Image Credit: Leaving Yongsan Station. © Danleo (CC BY 2.5). Via Wikimedia Commons.

Comments 3

  1. Tremendously interesting. I can see his influence in how the Army ran personnel management. At the time I didn’t like it because it prevented rapid advancement. Advancement came with experience not ability, so I felt held back. Using hindsight, and experience since then, that is the right way to do it. Promotion after experience has tempered intelligence is much better, and I’ve been much more successful.

    Proof is in the pudding though, and time will tell in how the corporations who implement it perform. The biggest downfall is accurately identifying individual ability.

    As to applying it to the election, there is very little doubt, that Kerry is more able to handle complexity than Bush. However, Kerry will never win. There’s more to that equation than just this one model will cover.

  2. Post

    The US Army is actually a big implementer of Jaques’s theories. They had already been implemented when you were at the academy and would have partially guided any promotions that you would have had. You’re right that measuring someone’s Level of Capability (LoC) &#em; how far into the future you personally can work &#em; is tricky. However, once the organization is structured according to the Levels (only the right number of management layers) and you have people with sufficient LoC for each management role, the research shows that managers and the Manager-Once-Removed (MOR; also known as your boss’s boss) can evaluate their people pretty accurately.
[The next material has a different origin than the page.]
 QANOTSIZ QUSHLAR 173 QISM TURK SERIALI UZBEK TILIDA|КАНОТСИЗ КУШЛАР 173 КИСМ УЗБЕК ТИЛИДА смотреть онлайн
Which I find hard to believe.

    On Kerry, well, let’s see how complex he really is. I wish that McCain was running instead of Bush, even though I disagree with him on several areas, because I think that he has a tremendous amount of complexity. The good news for conservatives like J is that a complex leader is likely to have mixed policies &#em; that is, he will do some things that you agree with. A less complex leader will be more purely ideological. Ronald Reagan, a fairly complex president, actually pursued some fairly liberal policies even as he pursued more conservative policies elsewhere, or even in the same area.

    I wonder if anyone has done a study of the Army’s promotions since they started using a modified RQ. Certainly the current leadership had a better understanding of the military needs for conquering and occupying Iraq than the leadership in the Dept of Defense.

  3. In the Army, MOR’s opinion of you was life or death. In general, I didn’t see too many bad calls from them.

    Its the same in current job. Manager keeps you, MOR promotes you. More cronies in civilian world though.

    The problem with everyone but Bush is their continuing support for the farce known as the UN. Why we even remain as members is beyond me.

    Successful Army promotions historically vary greatly from peacetime to wartime. Invariably there’s a big dump of highly promoted folks either by Darwin (they get killed) or by successful commanders firing them when war breaks out. Read “First Battles” (sorry, I’ve long forgotten the author) for an excellent historical perspective.